Nos dias seguintes à medida que conhecemos outras crianças, vamos fazendo amizades, trocamos cartas e lutamos contra os nossos inimigos. A evolução da nossa carreira como jogadores é semelhante, pelo menos quando não tinhamos dinheiro ou conhecimentos para andar a comprar cartas singulares ou boosters no quiosque. Mecanicamente, o jogo funciona como uma versão simplificada de Magic the Gathering, mas enquanto que Magic the Gathering tem cinco cores, Cardopcalype tem quatro  e a escolha de comandante decidirá a cor do deck, algo que não acontece no Magic the Gatheing.

Mas as diferenças não não muitas. As habilidades têm nomes diferentes mas conseguimos ver perfeitamente qual é a inspiração em Magic the Gatheing. No fluxo do combate há também algumas diferenças. Cada campeão começa com 30 pontos de vida e tem uma habilidade e o objetivo é reduzir a vida do adversário a zero, mas é ao atingir metade da vida que tudo muda já que os adversários tornam-se mega, o que lhes dá uma energia extra e lhes concede uma habilidade e um passivo mais poderoso. Conforme vamos melhorando no jogo, também encontramos uma quantidade surpreendente de profundidade em Cardpocalypse.

 

 

Além de aprendermos que podemos modificar as cartas com marcador e fita cola por exemplo, perto do final do jogo, percebemos que conseguimos mudar as regras, fazendo com que todos comecem com mais recursos ou alterando o custo das cartas com uma certa habilidade.
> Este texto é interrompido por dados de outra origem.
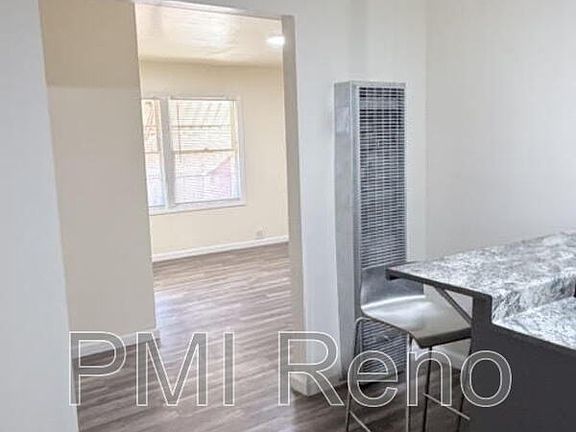 3rd image of 1515 N Carson St Unit 5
Fazer mudanças nas regras é muito importante para os combates principais do jogo e aprendemos cedo que não vamos longe se não aprendermos a tirar partida desta mecânica. Além disso temos também a vida escolar cotidiana do jogo, onde temos de fazer missões para os nossos colegas para desbloquear novas recompensas de cartas. Essas missões são um pouco repetitivas mas valem a pena pelas recompensas e a escrita consegue ser divertida também. O ambiente escolar fez-me lembrar Wintermoor Tactics Club, apesar de serem jogos diferentes e com estilo completamente diferente, foi possível fazer a ponte visto ser um jogo que joguei muito recentemente.
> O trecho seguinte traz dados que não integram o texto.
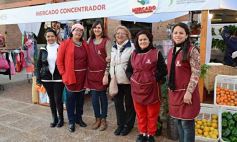 Foto de la galería: Productores del Mercado Concentrador expusieron frente a la Legislatura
Cardpocalypse tem uma excelente premissa apoiada por uma jogabilidade que mistura ideias próprias com os conceitos dos jogos de cartas colecionáveis mais conhecidos. A sua permissa permite capturar o espírito da juventude e a jogabilidade mantém tudo identificavel. O diálogo está bem escritoe apesar de não termos aqui uma história super elaborada, temos um ambiente e enredo que nos mantêm entretidos do início ao fim. Cardpocalypse sofre de alguns problemas e algumas partes dele extremamente frustrantes. Alguns efeitos precisam de ser corrigidos com urgência, já que por vezes se mantêm além do turno em que atuam sem que isso fosse de esperar. Junto com o jogo vem também o pacote de final de jogo ‘Out of Time ’ que mostra Jess preso num loop temporal. Out of Time é um  conteúdo de final de jogo realmente interessante que nos dá um novo campeão, o “Campeão Neutro” exclusivo que é capaz de usar cartas de todas as cores. É um campeão fraco que uma árvore de atualização única que permite constrir a carta certa para o nosso estilo de jogo.

Cardpocalypse é um jogo quase obrigatório para os fãs do género, especialmente para aqueles que gostaremde jogos de cartas colecionáveis e jogos com história para um único jogador. Tem ideias e mecânicas interessantes mas é a familiaridade que transparece com os restantes jogos do género juntamente a uma boa narrativa que o elevam a excelente.